November 02, 2012 | About:

The Estee Lauder Companies Inc. (NYSE:EL) filed Quarterly Report for the period ended 2012-09-30.

Estee Lauder Cos Inc has a market cap of $23.54 billion; its shares were traded at around $60.65 with a P/E ratio of 26.8 and P/S ratio of 2.4. The dividend yield of Estee Lauder Cos Inc stocks is 0.9%. Estee Lauder Cos Inc had an annual average earning growth of 6.9% over the past 10 years. GuruFocus rated Estee Lauder Cos Inc the business predictability rank of 3-star.

Highlight of Business Operations:

During the three months ended September 30, 2011, we recorded adjustments to reflect revised estimates of then-anticipated sales returns associated with prior initiatives. Other charges in connection with the implementation of the Program primarily relate to consulting and other professional services.
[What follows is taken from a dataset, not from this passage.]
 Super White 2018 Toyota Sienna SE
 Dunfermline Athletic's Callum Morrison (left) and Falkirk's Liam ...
Operating income increased 12%, or $52.0 million, to $482.0 million. Operating margin improved to 18.9% of net sales as compared with 17.4% in the prior-year period, reflecting our higher gross margin and the decrease in our operating expense margin, as previously discussed. The following discussions of Operating Results by Product Categories and Geographic Regions exclude the impact of total returns and charges associated with restructuring activities of $0.4 million, or less than 1% of net sales, for the three months ended September 30, 2012 and $4.1 million, or less than 1% of net sales, for the three months ended September 30, 2011. We believe the following analysis of operating results better reflects the manner in which we conduct and view our business.
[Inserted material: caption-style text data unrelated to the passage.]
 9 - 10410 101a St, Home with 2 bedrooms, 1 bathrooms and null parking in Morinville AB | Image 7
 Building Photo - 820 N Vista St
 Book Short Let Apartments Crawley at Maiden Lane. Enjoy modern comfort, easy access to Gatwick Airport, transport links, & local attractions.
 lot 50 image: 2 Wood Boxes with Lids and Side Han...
Net cash used for operating activities was $125.2 million during the three months ended September 30, 2012 as compared with $36.2 million in the prior-year period. The increase in cash flows used for operating activities primarily reflected unfavorable changes in levels of accounts payable due to the timing of payments. This change also reflected an increase in the levels of inventory in line with forecasted sales activity to ensure acceptable service levels, as well as the building of safety stock for our upcoming implementation of SAP as part of our strategic modernization initiative at certain affiliates. In addition, accounts receivable increased due to the timing of shipments and the timing of collections. These changes were partially offset by an increase in other liabilities primarily due to the timing of advertising, merchandising and sampling activities.